* El juicio de la historia a los hombres de poder resultará implacable. Serán medidos por su propia lealtad hacia ellos mismos y hacia los gobernados
Gregorio Ortega Molina
El 9 de febrero se honró -en ceremonia oficial- la marcha de la lealtad, pero ¿qué significa hoy en política y en términos de poder, esa palabra? De inmediato es preciso señalar que corre en ambos sentidos: el que la recibe de parte de sus gobernados también ha de ser leal con el mandato constitucional y con México.
En una reunión con José Francisco Ruiz Massieu, él me indicó que lo que era apreciado como una virtud en el oficio de mandar, en 1994 ya no lo era. Y así les fue, se quebraron todos los compromisos, se dejaron de honrar las complicidades, se hicieron a un lado los afectos y campeó la traición que hizo posibles los crímenes políticos determinantes en el fin del salinato y su doctrina económica.
Habría que revisar la trayectoria de muchos de los actores políticos, de casi todos los líderes sindicales, de jueces, magistrados y ministros…, imposible confundir el servicio al Estado -que no a los gobiernos bajo los cuales se trabaja- con el ejercicio de la traición para hacerse con una o varias parcelas de poder. La lealtad deriva de la convicción, de la ética civil, del compromiso afectivo, de cierta complicidad moral, porque hermana a los que no son hermanos.

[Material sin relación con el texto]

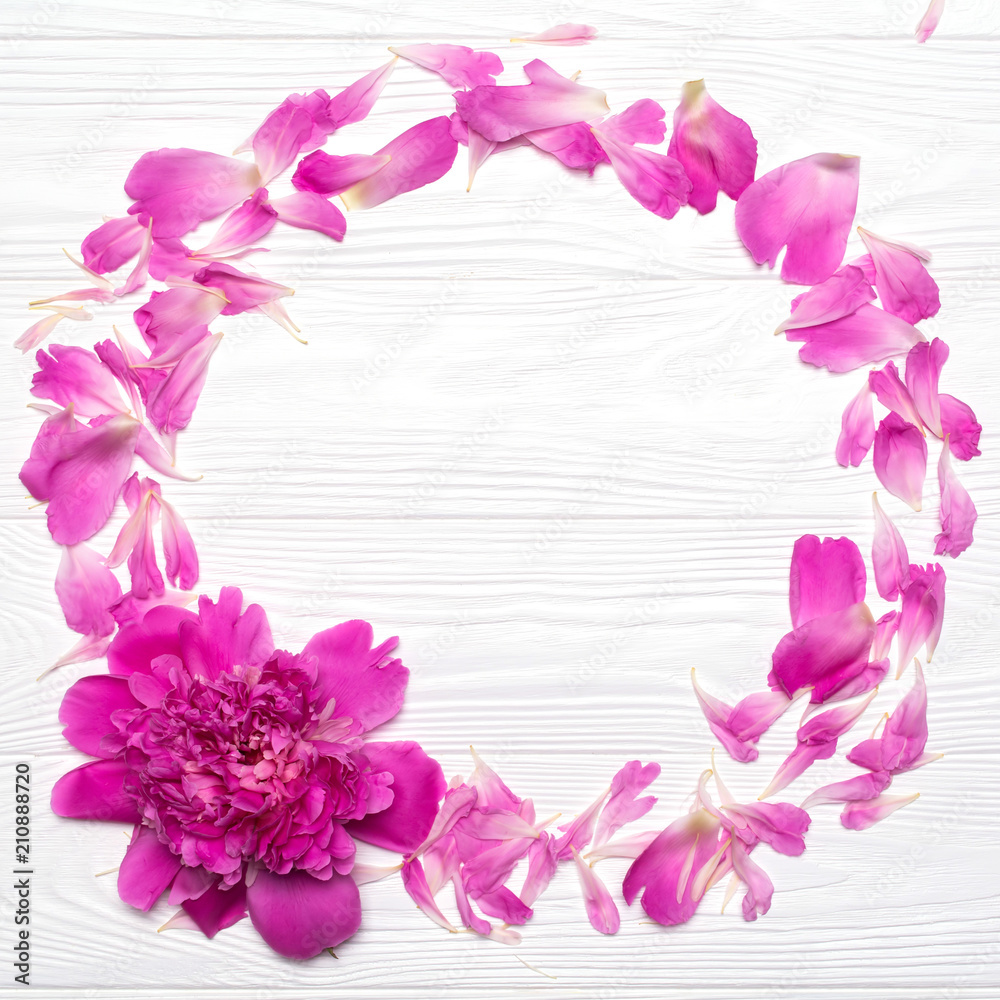 Round frame of petals and peony flower on a white wooden background.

¿Qué nos dejó la última conmemoración de la Marcha de la Lealtad? ¿Transformó nuestra percepción sobre la 4T y garantiza el optimismo sobre el cambio?
¿Abre nuevas maneras de oficiar el poder y mandar desde el gobierno supremo? Por el momento hay más interrogantes que respuestas, la realidad sólo será percibida al momento del término legal y constitucional, porque, repito, ser leales corre en ambos sentidos: se da y se recibe eso que contiene a los traidores en los linderos del engaño. ¿Cuál engaño?, me dirán…
Curiosamente el mero día de la conmemoración de la Marcha de la Lealtad, Henning Mankell me obsequió -a través de Harriet, el personaje de Zapatos italianos- lo siguiente: “A uno le hacen promesas sin cesar. Nos hacemos promesas a nosotros mismos. Escuchamos las promesas de los demás. Los políticos nos hablan de una vida mejor para los que envejecen, de una sanidad donde nadie sufra la espera. Los bancos nos prometen mejores intereses, los alimentos nos prometen mejor línea y las cremas nos garantizan una vejez con menos arrugas. La vida consiste en navegar en nuestra pequeña embarcación, cruzando un mar de promesas siempre cambiantes pero inagotables. Olvidamos lo que queremos recordar y solemos recordar aquello de lo que más deseamos librarnos”.
El juicio de la historia a los hombres de poder resultará implacable. Serán medidos por su propia lealtad hacia ellos mismos y hacia los gobernados.